Relative permeability curves generally exhibit hysteresis between different saturation cycles. This hysteresis is mainly caused by wettability changes and fluid trapping. Different rock types may experience different hysteresis trends due to variations in pore geometry. Relative permeability curves may also be a function of the saturation height in the reservoir.
A detailed laboratory study was performed to investigate relative permeability behavior for a major carbonate hydrocarbon reservoir in the Middle East. Representative core samples covering five reservoir rock types (RRT) were selected based on whole core and plug X-ray CT, NMR T2, MICP, porosity, permeability and thin-section analyses. Primary drainage and imbibition water-oil relative permeability (bounding) curves were measured on all the five rock types by the steady state technique using live fluids at full reservoir conditions with in situ saturation monitoring. Imbibition relative permeability experiments were also conducted on the main RRT samples to assess the relative permeability (scanning) curves in the transition zone by varying connate water saturations.

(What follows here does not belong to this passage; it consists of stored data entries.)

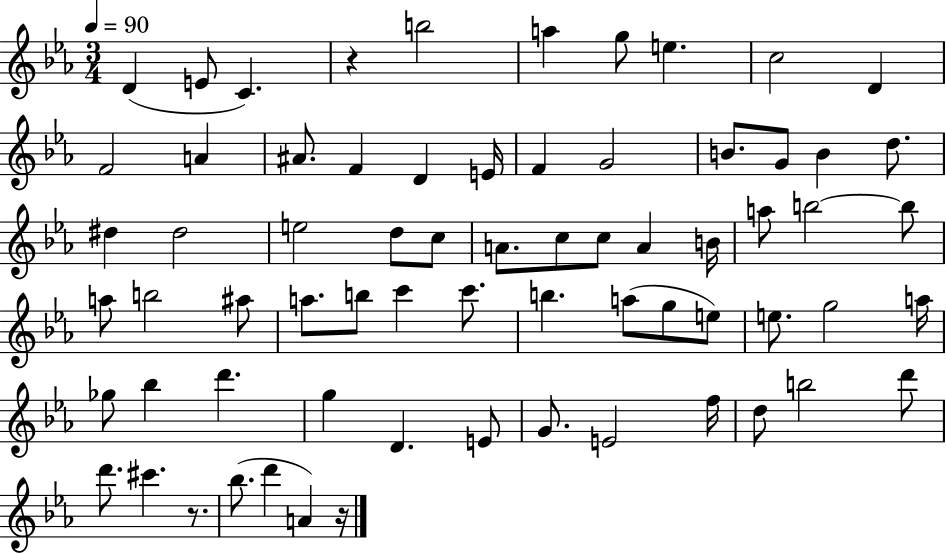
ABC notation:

X:1
T:Untitled
M:3/4
L:1/4
K:Eb
D E/2 C z b2 a g/2 e c2 D F2 A ^A/2 F D E/4 F G2 B/2 G/2 B d/2 ^d ^d2 e2 d/2 c/2 A/2 c/2 c/2 A B/4 a/2 b2 b/2 a/2 b2 ^a/2 a/2 b/2 c' c'/2 b a/2 g/2 e/2 e/2 g2 a/4 _g/2 _b d' g D E/2 G/2 E2 f/4 d/2 b2 d'/2 d'/2 ^c' z/2 _b/2 d' A z/4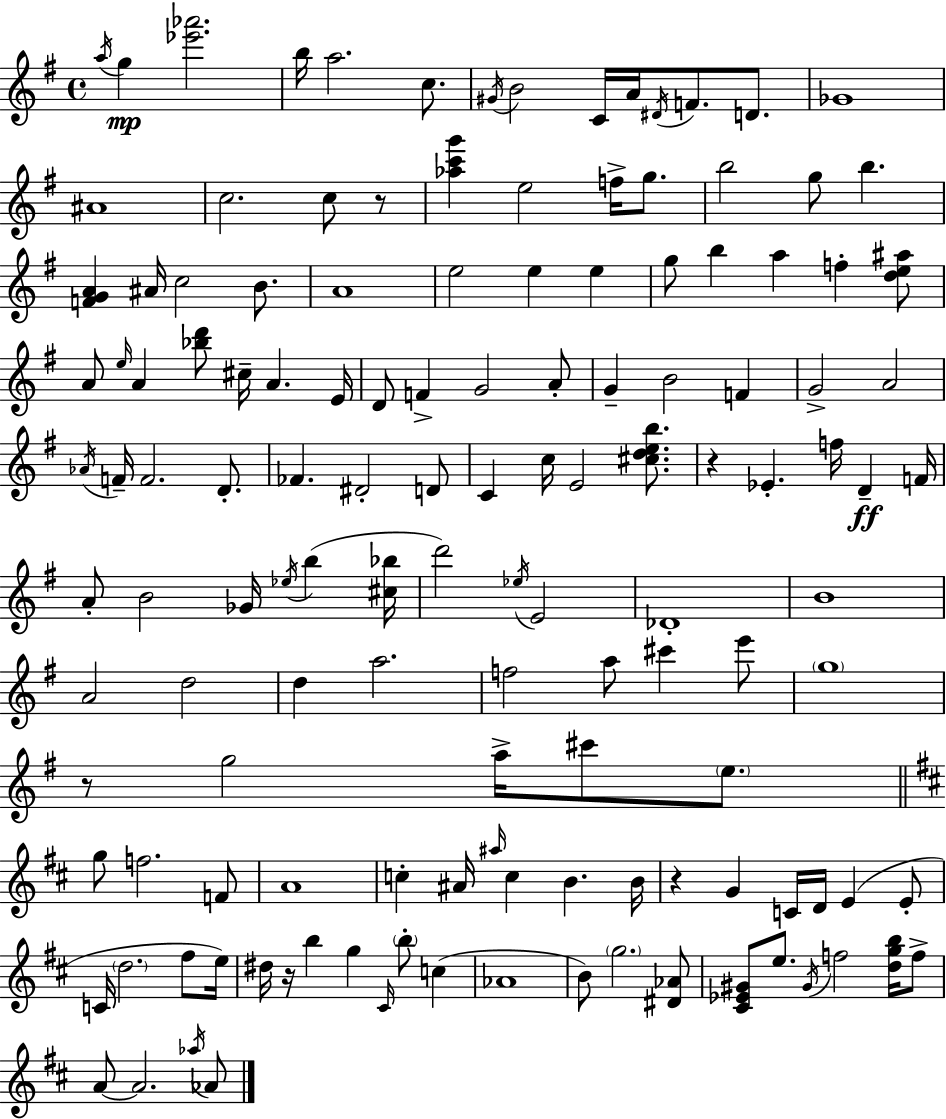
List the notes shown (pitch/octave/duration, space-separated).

A5/s G5/q [Eb6,Ab6]/h. B5/s A5/h. C5/e. G#4/s B4/h C4/s A4/s D#4/s F4/e. D4/e. Gb4/w A#4/w C5/h. C5/e R/e [Ab5,C6,G6]/q E5/h F5/s G5/e. B5/h G5/e B5/q. [F4,G4,A4]/q A#4/s C5/h B4/e. A4/w E5/h E5/q E5/q G5/e B5/q A5/q F5/q [D5,E5,A#5]/e A4/e E5/s A4/q [Bb5,D6]/e C#5/s A4/q. E4/s D4/e F4/q G4/h A4/e G4/q B4/h F4/q G4/h A4/h Ab4/s F4/s F4/h. D4/e. FES4/q. D#4/h D4/e C4/q C5/s E4/h [C#5,D5,E5,B5]/e. R/q Eb4/q. F5/s D4/q F4/s A4/e B4/h Gb4/s Eb5/s B5/q [C#5,Bb5]/s D6/h Eb5/s E4/h Db4/w B4/w A4/h D5/h D5/q A5/h. F5/h A5/e C#6/q E6/e G5/w R/e G5/h A5/s C#6/e E5/e. G5/e F5/h. F4/e A4/w C5/q A#4/s A#5/s C5/q B4/q. B4/s R/q G4/q C4/s D4/s E4/q E4/e C4/s D5/h. F#5/e E5/s D#5/s R/s B5/q G5/q C#4/s B5/e C5/q Ab4/w B4/e G5/h. [D#4,Ab4]/e [C#4,Eb4,G#4]/e E5/e. G#4/s F5/h [D5,G5,B5]/s F5/e A4/e A4/h. Ab5/s Ab4/e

Hysteresis effects were observed between primary drainage and imbibition cycles, and appeared to be influenced by the sample rock type involved (i.e. wettability and pore geometry). Variations in relative permeability within similar and different rock types were described and understood from local heterogeneities present in each individual sample. This was possible from dual energy CT scanning and high resolution imaging. Different imbibition trends from both oil and water phases were detected from the scanning curves which were explained by different pore level fluid flow scenarios. Relative permeability scanning curves to both oil and water phases increased with higher connate water. Relative permeability to oil was explained based on the occupancy of the oil phase at varying connate water saturations. The change in water relative permeability trend was addressed based on the connectivity of water at the varying connate water saturations. These results and interpretations introduced improved understanding of the hysteresis phenomena and fluid flow behavior in the transition zone of a cretaceous carbonate reservoir which can assist in the overall reservoir modeling and well planning.